I want them all, One of each color would do me fine.


----------



## irnfit (Nov 21, 2006)

When I first started looking, I wanted a b/w. Then I saw Kodi, and it didn't matter that he was gold and white. #2 Hav is my b/w. And now I would love a sable, chocolate or all black. I guess they are all my favorites!!!!!!!


----------



## LuvMyHavanese (Apr 13, 2007)

I tend to gravitate towards the lighter colors. I have 2 lighter colored ones where one is a brindle & the other a sable with beautiful reds, golds, creames etc... Dreamer is a black/white parti.
I never wanted an all black one. Though beautiful, I didnt like the idea of not being able to see their skin clearly for anything that could be wrong etc...like sores, ticks etc,....


----------



## Paige (Sep 12, 2006)

lbkar said:


> I want them all, One of each color would do me fine.


I'm with you, one of each color will do.


----------



## The Fussy Puppy Gang (May 21, 2007)

When we first started looking at Havs, I would've said my favorite color was the black/white.

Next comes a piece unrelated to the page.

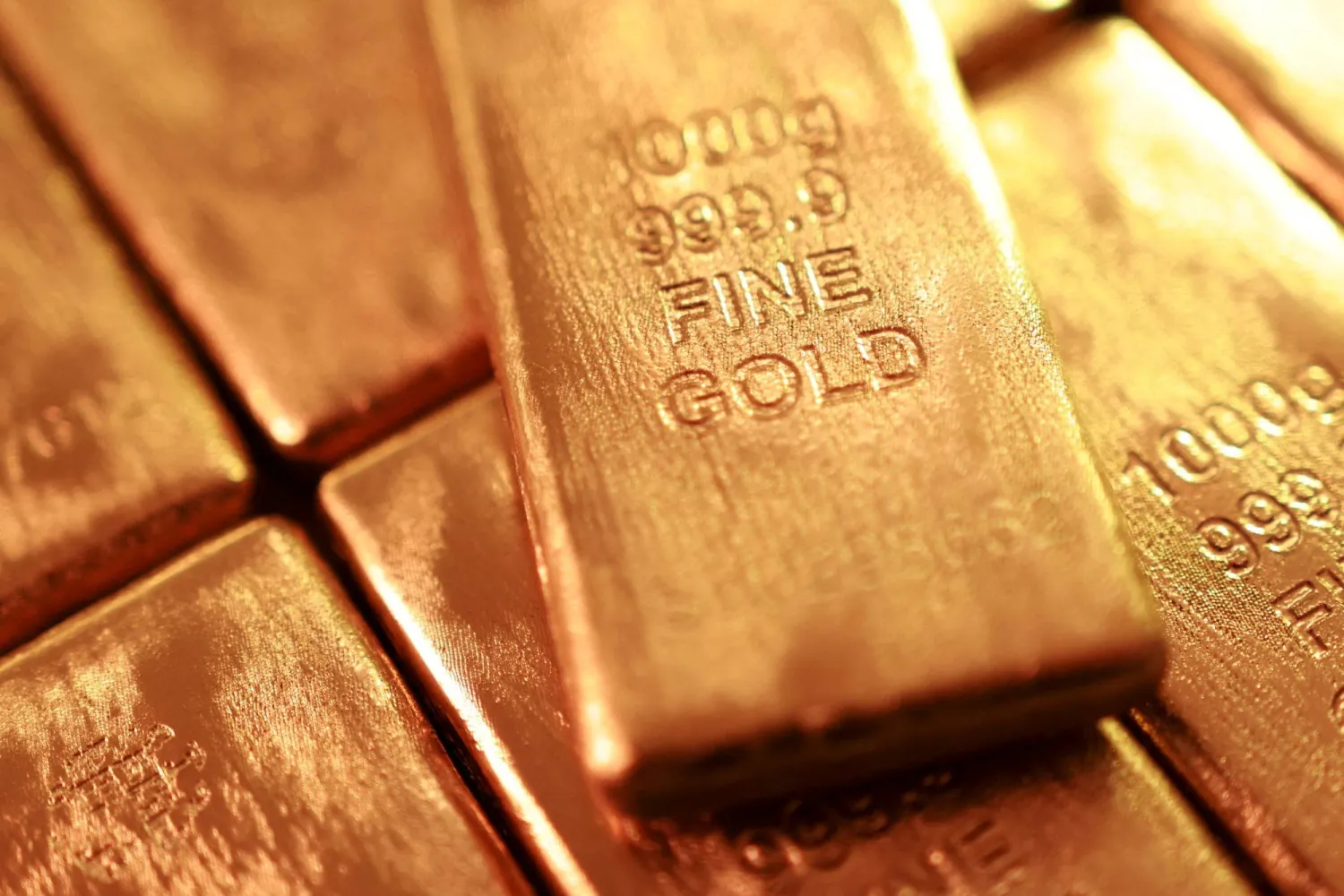 FILE PHOTO: Gold imitations are seen in this illustration picture taken February 20, 2026. REUTERS/Dado Ruvic/Illustration/File Photo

That's why we were so excited that Pepper was black/white.

Now we know SO much more about the rainbow of Hav colors that I couldn't choose one. Even Pepper is changing into something more beautiful. The black part of his coat is changing to a gorgeous gun metal blue. It's very noticeable in the sunlight and when we blow dry him.

I will say that the reds and parti colors have really caught my eye, but they really are ALL beautiful.

Wanda


----------



## Lina (Apr 26, 2007)

Reds and chocolates have always caught my eye but once I had Kubrick (who has pretty much every color of a Hav on him) I decided he was the one with my favorite color! 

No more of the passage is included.